Quality Improvement Loop
Build a continuous improvement cycle with QA, Sentiment, and Pulse.
Support quality is not a one-time audit. It is a cycle: score conversations, identify patterns, coach agents, and measure whether coaching worked. Three Simpli services power this loop — QA scores every conversation, Sentiment flags issues in real time, and Pulse tracks whether your team is actually improving.
This page walks through the full cycle and shows how to wire the services together into a continuous improvement process. It is written for team leads, QA analysts, and support operations teams.
The continuous improvement cycle
QA scores conversations
|
v
Scorecards surface coaching opportunities
|
v
Team leads coach agents
|
v
Agents improve
|
v
Pulse tracks improvement over time
|
v
Sentiment validates customer experience
|
v
Repeat — adjust rubrics, refine coaching, raise the barEach step feeds the next. QA tells you where agents struggle. Coaching addresses those gaps. Pulse proves whether the coaching worked. Sentiment confirms that customers feel the difference. Without closing the loop, you are guessing.
Step 1: Design your rubrics
Before QA can score anything, you need rubrics that define what "good" looks like for your team. A rubric is a set of weighted criteria that the QA service evaluates against each conversation.
Standard Support Rubric
Use this as a starting point for general support teams.
{
"name": "Standard Support",
"criteria": [
{
"name": "empathy",
"description": "Acknowledges customer emotions and shows understanding",
"weight": 0.25
},
{
"name": "resolution",
"description": "Resolves the issue completely or provides clear next steps",
"weight": 0.35
},
{
"name": "communication",
"description": "Clear, professional, and easy to understand",
"weight": 0.25
},
{
"name": "efficiency",
"description": "Resolves without unnecessary back-and-forth",
"weight": 0.15
}
]
}Resolution carries the highest weight because it is what customers care about most. Empathy and communication matter, but a perfectly empathetic response that does not solve the problem is still a bad outcome.
Technical Support Rubric
For technical teams, swap in an accuracy criterion and adjust the weights.
{
"name": "Technical Support",
"criteria": [
{
"name": "accuracy",
"description": "Technical information provided is correct",
"weight": 0.30
},
{
"name": "empathy",
"description": "Acknowledges customer frustration with technical issues",
"weight": 0.15
},
{
"name": "resolution",
"description": "Resolves the technical issue or escalates appropriately",
"weight": 0.30
},
{
"name": "communication",
"description": "Explains technical concepts clearly to non-technical customers",
"weight": 0.25
}
]
}Accuracy gets equal weight to resolution here because an incorrect technical answer can be worse than no answer at all — it erodes trust and creates follow-up tickets.
Tips for rubric design
- Involve your agents. They handle conversations daily and know what good looks like. Rubrics designed without agent input tend to measure the wrong things.
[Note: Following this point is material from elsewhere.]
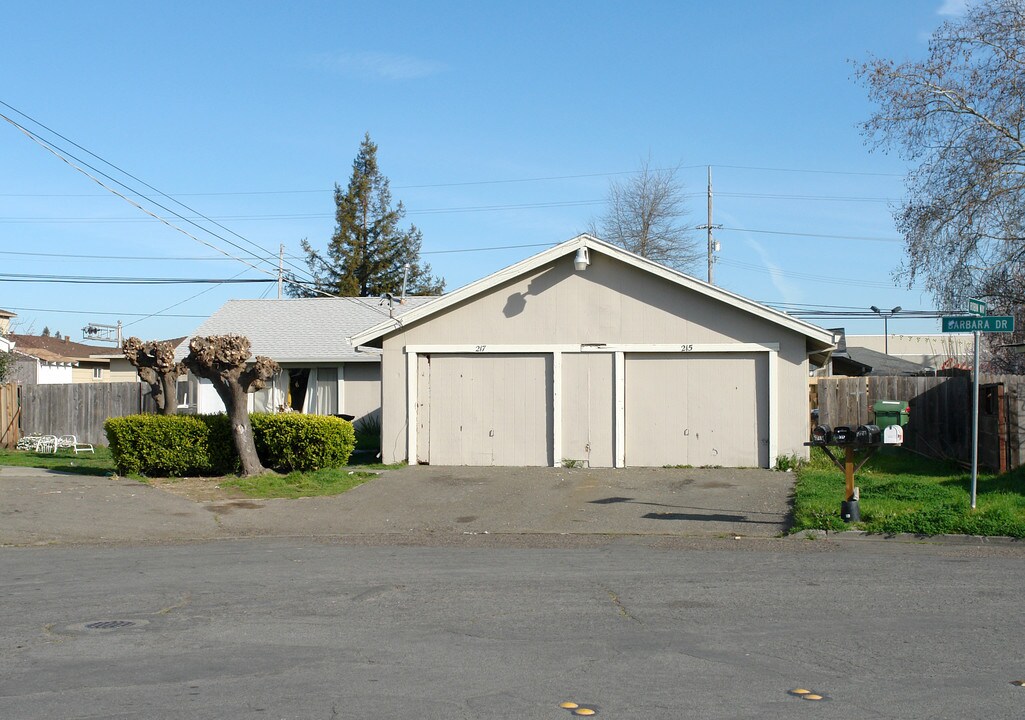 215-221 Barbara Dr in Santa Rosa, CA - Foto de edificio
- Start with 3-5 criteria. More than that and scores become noisy. You can always add criteria later once the team is comfortable with the process.
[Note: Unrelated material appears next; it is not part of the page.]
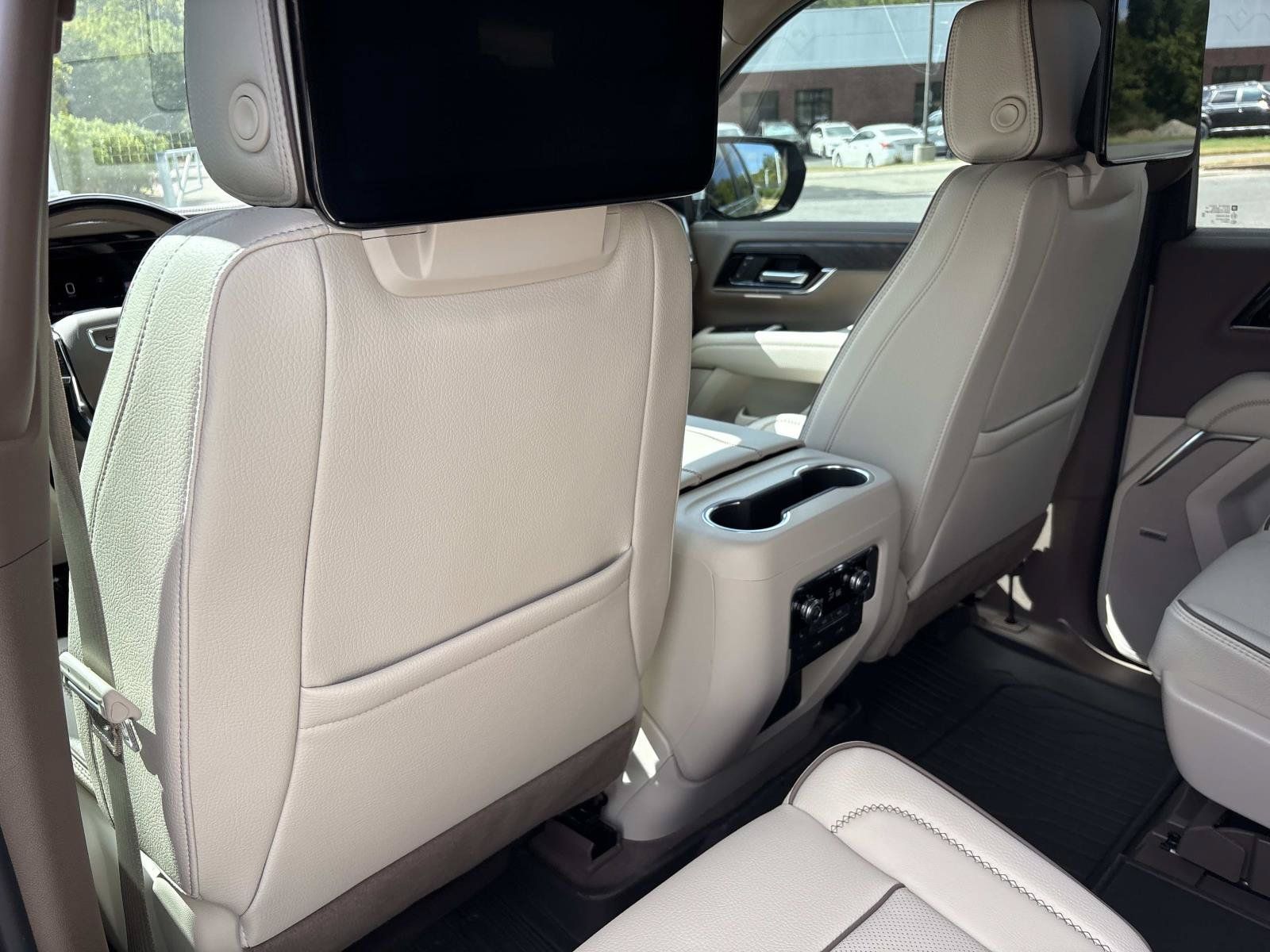 Used 2026 GMC Yukon Denali w/ Denali Reserve Package AWD/4WD image 30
- Weight resolution highest. Customers contact support to get something fixed. Everything else is important but secondary.
- Review and adjust after 2-4 weeks of data. Your first rubric will not be perfect. Look at conversations that scored surprisingly high or low and ask whether the rubric or the score is wrong.
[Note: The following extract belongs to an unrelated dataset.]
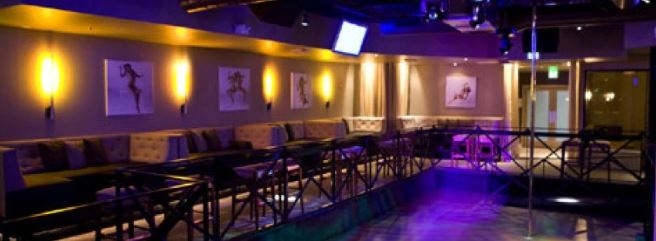Trapeze Swinger Club review Ft Lauderdale Florida Interior Dance Floor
Step 2: Automate QA scoring
Manual QA reviews are valuable but slow. Most teams can only review 5-10% of conversations. Automated QA lets you score every single conversation, which eliminates sampling bias and gives you statistically meaningful data.
Option A: Webhook on ticket resolution
The most common pattern. When a ticket is resolved in your helpdesk, fire a webhook that sends the conversation to QA.
# In your middleware — triggered when a ticket is solved
async def on_ticket_resolved(ticket_id, agent_id, messages):
score = httpx.post(f"{QA_URL}/evaluate", json={
"conversation_id": ticket_id,
"agent_id": agent_id,
"messages": messages,
"rubric_id": "R-standard",
}).json()
# Store score and check if coaching is needed
if score["overall_score"] < 0.7:
alert_team_lead(agent_id, score)This gives you scores within seconds of resolution. The threshold alert (0.7 in this example) ensures team leads hear about problems quickly.
Option B: Scheduled batch processing
If webhook integration is not feasible, run a nightly batch job that evaluates the previous day's conversations.
# Cron job that evaluates yesterday's conversations
for ticket in get_resolved_tickets(yesterday):
score = evaluate(ticket)Batch processing is simpler to set up but delays feedback by up to 24 hours. Use it as a starting point, then move to webhooks when you are ready.
Evaluate everything
The key advantage of automated QA is that you can evaluate all conversations, not a sample. This matters because:
- Small samples miss patterns. An agent who struggles with billing tickets but excels at technical ones will look average in a random sample.
- 100% coverage makes trends statistically reliable. When a score moves, you know it is real.
- Agents take it more seriously when they know every conversation counts, not just the ones that happen to get reviewed.
Step 3: Read scorecards and identify coaching opportunities
Once QA is scoring conversations, the scorecard endpoint aggregates results per agent. This is the primary tool for team leads.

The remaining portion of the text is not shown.